- **What the task asks**:
Print exactly the lines below between the line containing "ندى عصير تروبيكال كوكتيل 1.3 لتر" and the line containing "BMW X6 2022 — imagine 1", counting both of those lines. Leave pictures out.

- **Source material**:
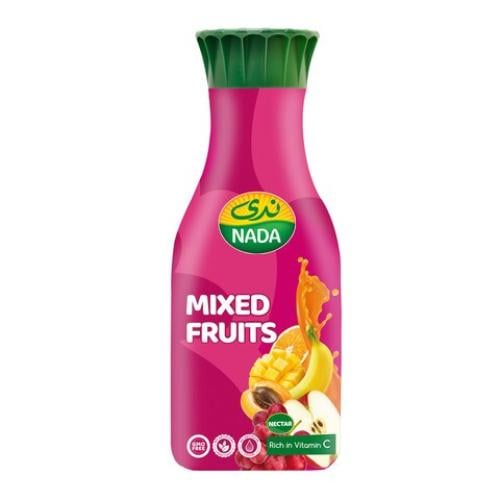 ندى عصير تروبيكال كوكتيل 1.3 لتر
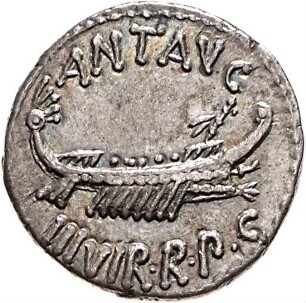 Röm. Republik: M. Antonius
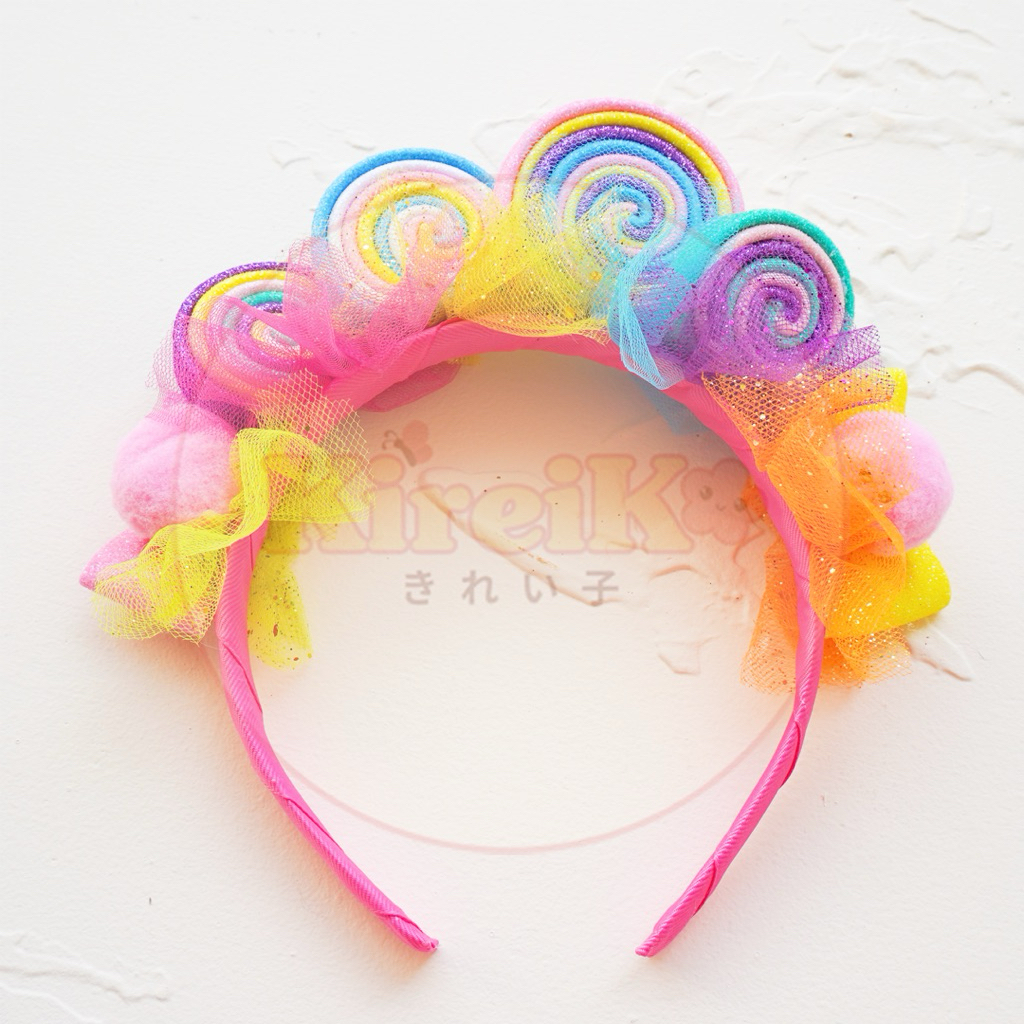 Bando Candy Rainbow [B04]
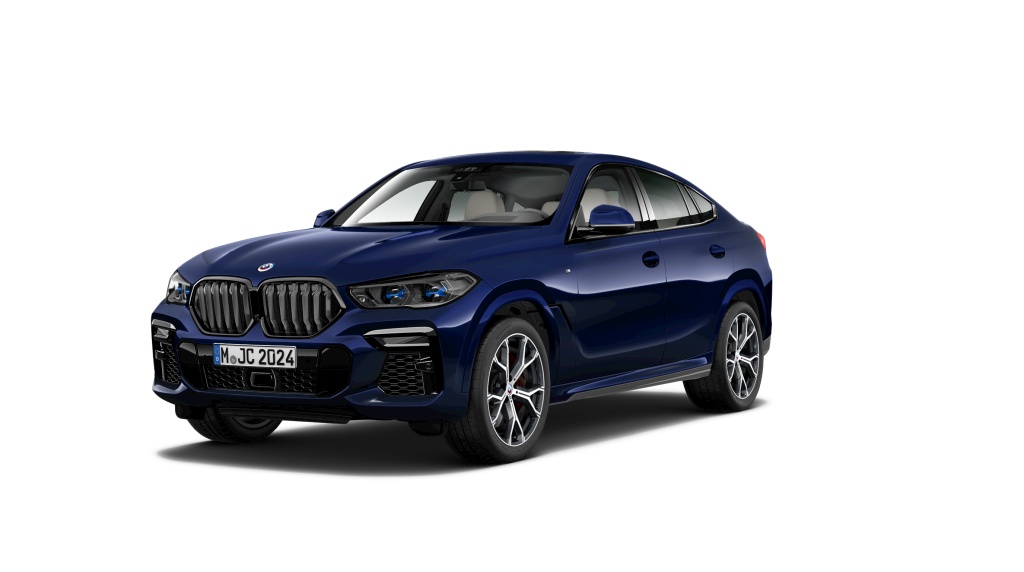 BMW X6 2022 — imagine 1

--

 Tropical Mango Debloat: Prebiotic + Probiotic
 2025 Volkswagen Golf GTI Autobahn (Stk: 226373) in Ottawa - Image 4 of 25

--

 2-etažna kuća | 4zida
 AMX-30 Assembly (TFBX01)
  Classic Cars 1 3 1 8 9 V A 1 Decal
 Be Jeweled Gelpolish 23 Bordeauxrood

- **Solution to this task**:
 ندى عصير تروبيكال كوكتيل 1.3 لتر
 Röm. Republik: M. Antonius
 Bando Candy Rainbow [B04]
 BMW X6 2022 — imagine 1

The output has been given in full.